*** Begin section ***
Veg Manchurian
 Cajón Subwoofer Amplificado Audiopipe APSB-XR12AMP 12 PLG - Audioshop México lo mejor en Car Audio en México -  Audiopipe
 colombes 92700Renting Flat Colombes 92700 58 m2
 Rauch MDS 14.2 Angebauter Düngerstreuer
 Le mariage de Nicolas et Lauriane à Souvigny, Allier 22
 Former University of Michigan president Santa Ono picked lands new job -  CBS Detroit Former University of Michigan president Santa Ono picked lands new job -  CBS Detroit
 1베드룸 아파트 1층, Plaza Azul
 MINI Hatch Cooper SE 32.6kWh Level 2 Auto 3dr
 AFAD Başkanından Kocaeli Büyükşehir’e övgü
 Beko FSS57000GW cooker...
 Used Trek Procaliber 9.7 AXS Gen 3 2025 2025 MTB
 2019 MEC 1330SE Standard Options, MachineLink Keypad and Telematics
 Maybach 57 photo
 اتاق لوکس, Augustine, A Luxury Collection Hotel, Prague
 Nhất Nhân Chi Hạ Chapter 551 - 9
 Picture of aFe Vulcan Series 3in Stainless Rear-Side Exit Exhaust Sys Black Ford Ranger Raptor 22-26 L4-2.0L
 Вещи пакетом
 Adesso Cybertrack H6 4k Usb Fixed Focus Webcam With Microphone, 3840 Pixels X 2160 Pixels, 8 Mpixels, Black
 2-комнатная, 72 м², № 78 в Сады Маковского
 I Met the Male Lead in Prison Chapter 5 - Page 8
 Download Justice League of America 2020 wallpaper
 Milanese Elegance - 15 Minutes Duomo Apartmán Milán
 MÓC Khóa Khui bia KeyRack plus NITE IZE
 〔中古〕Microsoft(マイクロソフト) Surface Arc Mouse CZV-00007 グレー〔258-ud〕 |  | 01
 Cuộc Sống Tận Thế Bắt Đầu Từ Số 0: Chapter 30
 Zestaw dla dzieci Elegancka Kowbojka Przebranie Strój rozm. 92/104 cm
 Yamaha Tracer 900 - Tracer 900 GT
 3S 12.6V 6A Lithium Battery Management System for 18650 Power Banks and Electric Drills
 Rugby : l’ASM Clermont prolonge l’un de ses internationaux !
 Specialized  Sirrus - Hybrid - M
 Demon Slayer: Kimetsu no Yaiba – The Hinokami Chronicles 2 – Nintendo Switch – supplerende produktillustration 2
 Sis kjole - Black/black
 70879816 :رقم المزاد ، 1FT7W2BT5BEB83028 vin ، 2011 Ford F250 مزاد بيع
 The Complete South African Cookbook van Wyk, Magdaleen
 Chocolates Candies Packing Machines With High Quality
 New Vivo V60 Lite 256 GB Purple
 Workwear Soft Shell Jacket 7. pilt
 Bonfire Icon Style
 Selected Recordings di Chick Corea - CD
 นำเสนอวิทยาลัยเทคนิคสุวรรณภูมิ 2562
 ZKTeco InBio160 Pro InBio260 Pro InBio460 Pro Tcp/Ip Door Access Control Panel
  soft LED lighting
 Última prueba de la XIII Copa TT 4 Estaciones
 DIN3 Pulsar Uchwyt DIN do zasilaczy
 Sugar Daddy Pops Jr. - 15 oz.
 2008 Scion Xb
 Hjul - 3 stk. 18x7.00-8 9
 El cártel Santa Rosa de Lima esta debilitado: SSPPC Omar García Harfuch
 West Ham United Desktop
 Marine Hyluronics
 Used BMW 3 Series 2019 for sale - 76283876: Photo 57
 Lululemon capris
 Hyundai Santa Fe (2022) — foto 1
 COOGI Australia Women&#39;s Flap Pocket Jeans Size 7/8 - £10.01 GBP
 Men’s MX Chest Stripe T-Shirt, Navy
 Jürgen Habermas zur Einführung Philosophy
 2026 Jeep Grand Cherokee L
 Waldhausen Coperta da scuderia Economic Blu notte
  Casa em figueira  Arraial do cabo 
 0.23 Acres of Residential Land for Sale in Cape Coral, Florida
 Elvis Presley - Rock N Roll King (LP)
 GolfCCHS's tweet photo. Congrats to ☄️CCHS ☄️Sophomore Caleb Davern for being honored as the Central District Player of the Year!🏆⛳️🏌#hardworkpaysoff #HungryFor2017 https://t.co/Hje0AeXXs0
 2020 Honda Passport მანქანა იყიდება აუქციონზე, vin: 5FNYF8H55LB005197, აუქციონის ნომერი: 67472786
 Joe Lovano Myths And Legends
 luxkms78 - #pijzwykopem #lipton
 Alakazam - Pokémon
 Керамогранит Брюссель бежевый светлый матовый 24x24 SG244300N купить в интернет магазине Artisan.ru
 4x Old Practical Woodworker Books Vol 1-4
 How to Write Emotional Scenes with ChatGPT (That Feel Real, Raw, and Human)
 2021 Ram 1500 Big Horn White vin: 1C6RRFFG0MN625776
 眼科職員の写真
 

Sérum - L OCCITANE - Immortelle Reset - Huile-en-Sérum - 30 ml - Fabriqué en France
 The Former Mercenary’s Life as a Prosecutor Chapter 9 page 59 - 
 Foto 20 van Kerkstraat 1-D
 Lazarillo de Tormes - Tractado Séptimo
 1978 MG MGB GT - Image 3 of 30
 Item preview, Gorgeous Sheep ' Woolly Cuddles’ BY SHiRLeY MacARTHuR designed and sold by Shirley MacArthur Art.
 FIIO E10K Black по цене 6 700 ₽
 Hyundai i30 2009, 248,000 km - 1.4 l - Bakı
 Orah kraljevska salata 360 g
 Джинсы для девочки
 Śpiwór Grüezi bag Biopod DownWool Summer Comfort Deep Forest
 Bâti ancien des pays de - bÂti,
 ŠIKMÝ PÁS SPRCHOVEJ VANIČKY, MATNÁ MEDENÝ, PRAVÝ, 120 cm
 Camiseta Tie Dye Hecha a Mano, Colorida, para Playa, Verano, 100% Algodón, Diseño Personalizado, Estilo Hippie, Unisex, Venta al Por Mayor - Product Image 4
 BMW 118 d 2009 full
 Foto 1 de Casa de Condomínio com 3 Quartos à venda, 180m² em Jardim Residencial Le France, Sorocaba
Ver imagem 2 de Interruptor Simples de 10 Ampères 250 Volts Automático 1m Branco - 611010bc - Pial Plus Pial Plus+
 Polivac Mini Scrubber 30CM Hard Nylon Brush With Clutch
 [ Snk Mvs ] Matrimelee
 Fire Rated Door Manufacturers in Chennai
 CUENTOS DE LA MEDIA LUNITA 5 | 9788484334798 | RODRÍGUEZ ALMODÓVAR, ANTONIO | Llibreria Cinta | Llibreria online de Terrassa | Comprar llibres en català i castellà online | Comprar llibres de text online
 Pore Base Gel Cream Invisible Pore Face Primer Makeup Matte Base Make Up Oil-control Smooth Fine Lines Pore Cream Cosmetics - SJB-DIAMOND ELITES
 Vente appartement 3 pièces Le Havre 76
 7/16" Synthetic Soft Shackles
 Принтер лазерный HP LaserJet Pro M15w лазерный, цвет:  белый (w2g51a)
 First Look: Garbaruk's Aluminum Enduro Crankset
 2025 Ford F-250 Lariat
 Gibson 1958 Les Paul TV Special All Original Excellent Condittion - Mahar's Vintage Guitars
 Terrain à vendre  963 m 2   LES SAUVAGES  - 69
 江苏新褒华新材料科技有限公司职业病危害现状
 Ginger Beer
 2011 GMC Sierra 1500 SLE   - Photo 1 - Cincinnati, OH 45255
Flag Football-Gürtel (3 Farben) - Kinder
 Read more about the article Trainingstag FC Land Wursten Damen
*** End section ***
• **WHAT IS REQUIRED**
Take the entries above and return only the lines from the one with "1978 MG MGB GT - Image 3 of 30" to the one with "Gibson 1958 Les", both included, unchanged.

• **ANSWER SPACE**
 1978 MG MGB GT - Image 3 of 30
 Item preview, Gorgeous Sheep ' Woolly Cuddles’ BY SHiRLeY MacARTHuR designed and sold by Shirley MacArthur Art.
 FIIO E10K Black по цене 6 700 ₽
 Hyundai i30 2009, 248,000 km - 1.4 l - Bakı
 Orah kraljevska salata 360 g
 Джинсы для девочки
 Śpiwór Grüezi bag Biopod DownWool Summer Comfort Deep Forest
 Bâti ancien des pays de - bÂti,
 ŠIKMÝ PÁS SPRCHOVEJ VANIČKY, MATNÁ MEDENÝ, PRAVÝ, 120 cm
 Camiseta Tie Dye Hecha a Mano, Colorida, para Playa, Verano, 100% Algodón, Diseño Personalizado, Estilo Hippie, Unisex, Venta al Por Mayor - Product Image 4
 BMW 118 d 2009 full
 Foto 1 de Casa de Condomínio com 3 Quartos à venda, 180m² em Jardim Residencial Le France, Sorocaba
Ver imagem 2 de Interruptor Simples de 10 Ampères 250 Volts Automático 1m Branco - 611010bc - Pial Plus Pial Plus+
 Polivac Mini Scrubber 30CM Hard Nylon Brush With Clutch
 [ Snk Mvs ] Matrimelee
 Fire Rated Door Manufacturers in Chennai
 CUENTOS DE LA MEDIA LUNITA 5 | 9788484334798 | RODRÍGUEZ ALMODÓVAR, ANTONIO | Llibreria Cinta | Llibreria online de Terrassa | Comprar llibres en català i castellà online | Comprar llibres de text online
 Pore Base Gel Cream Invisible Pore Face Primer Makeup Matte Base Make Up Oil-control Smooth Fine Lines Pore Cream Cosmetics - SJB-DIAMOND ELITES
 Vente appartement 3 pièces Le Havre 76
 7/16" Synthetic Soft Shackles
 Принтер лазерный HP LaserJet Pro M15w лазерный, цвет:  белый (w2g51a)
 First Look: Garbaruk's Aluminum Enduro Crankset
 2025 Ford F-250 Lariat
 Gibson 1958 Les Paul TV Special All Original Excellent Condittion - Mahar's Vintage Guitars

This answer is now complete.